Description of the task:
An exact copy of all the data is needed, with every picture left out.

Data:
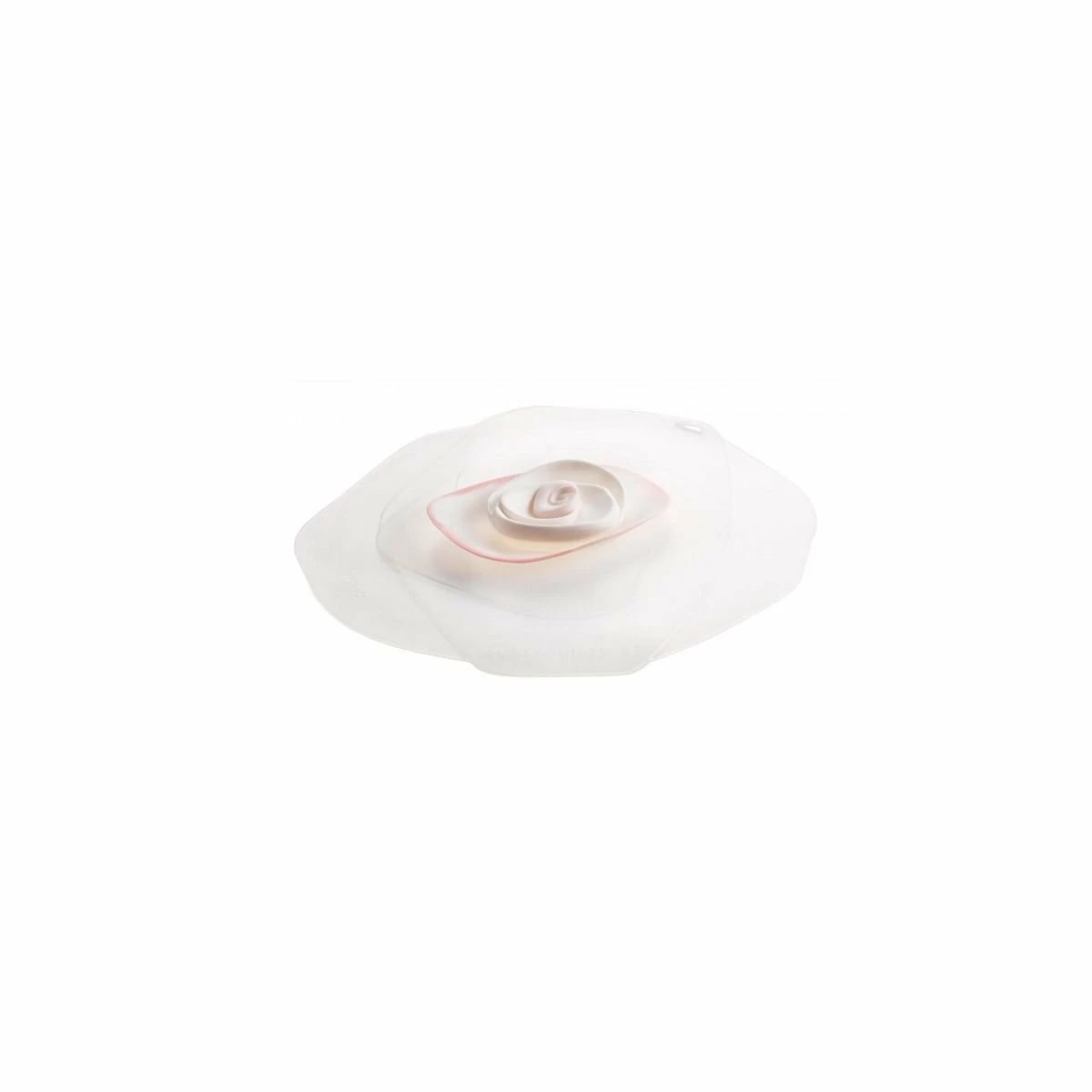 Charles Viancin Silicone Lid | 6" Rose (Frozen White) 1 Charles Viancin Silicone Lid | 6" Rose (Frozen White)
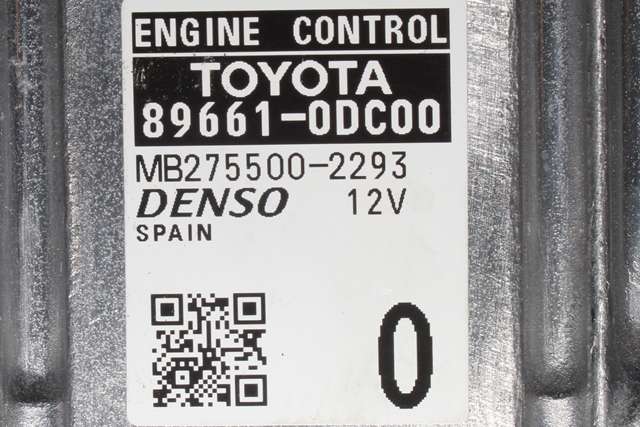 Styreenhet motor til Toyota Prius +7 2012-2020 (Type III) (stasjonsvogn) (stasjonsvogn) (DENSO|275500-2293|89661-0DC00|)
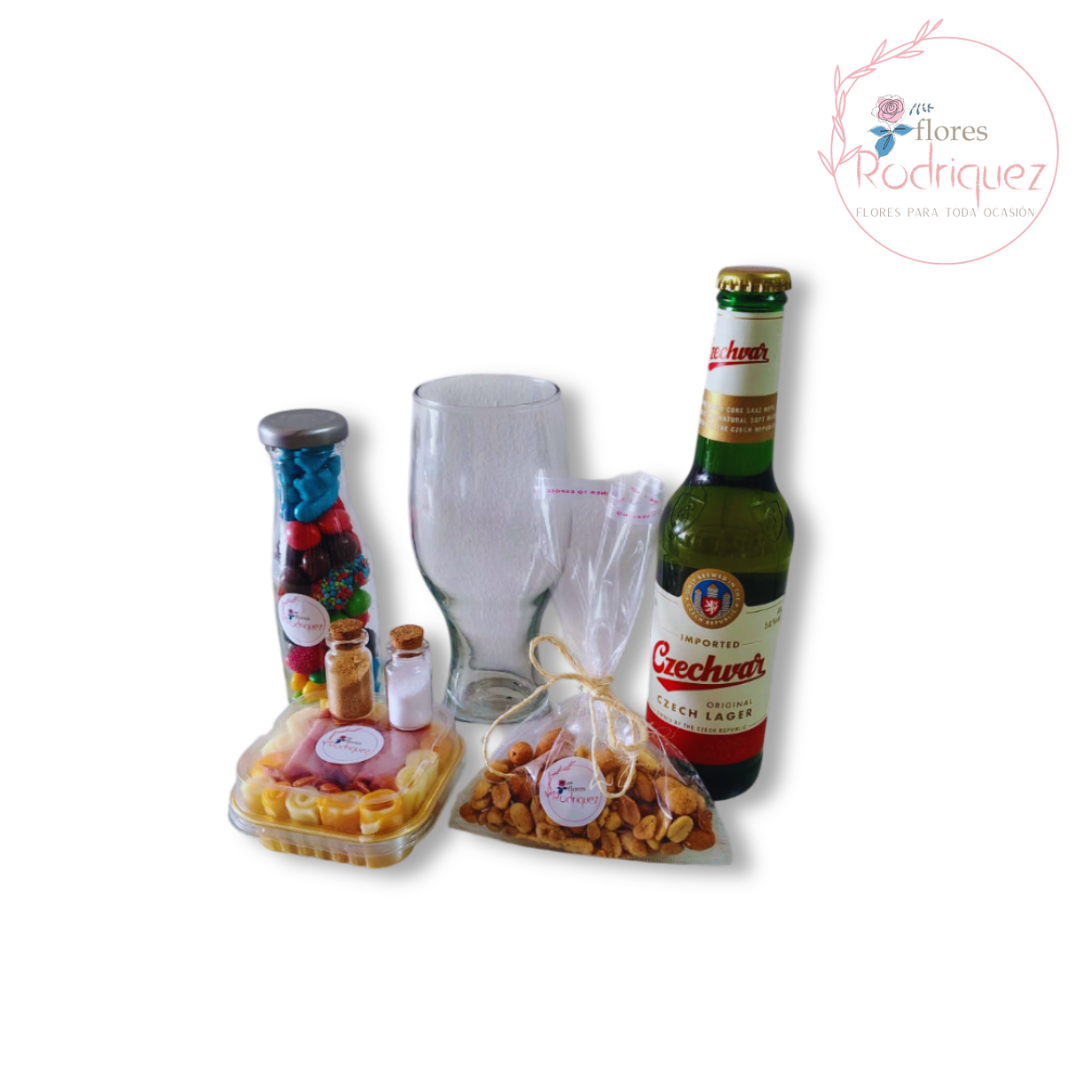 Detalle sorpresa - MICHELADA BOX DELUXE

Answer to this problem:
 Charles Viancin Silicone Lid | 6" Rose (Frozen White) 1 Charles Viancin Silicone Lid | 6" Rose (Frozen White)
 Styreenhet motor til Toyota Prius +7 2012-2020 (Type III) (stasjonsvogn) (stasjonsvogn) (DENSO|275500-2293|89661-0DC00|)
 Detalle sorpresa - MICHELADA BOX DELUXE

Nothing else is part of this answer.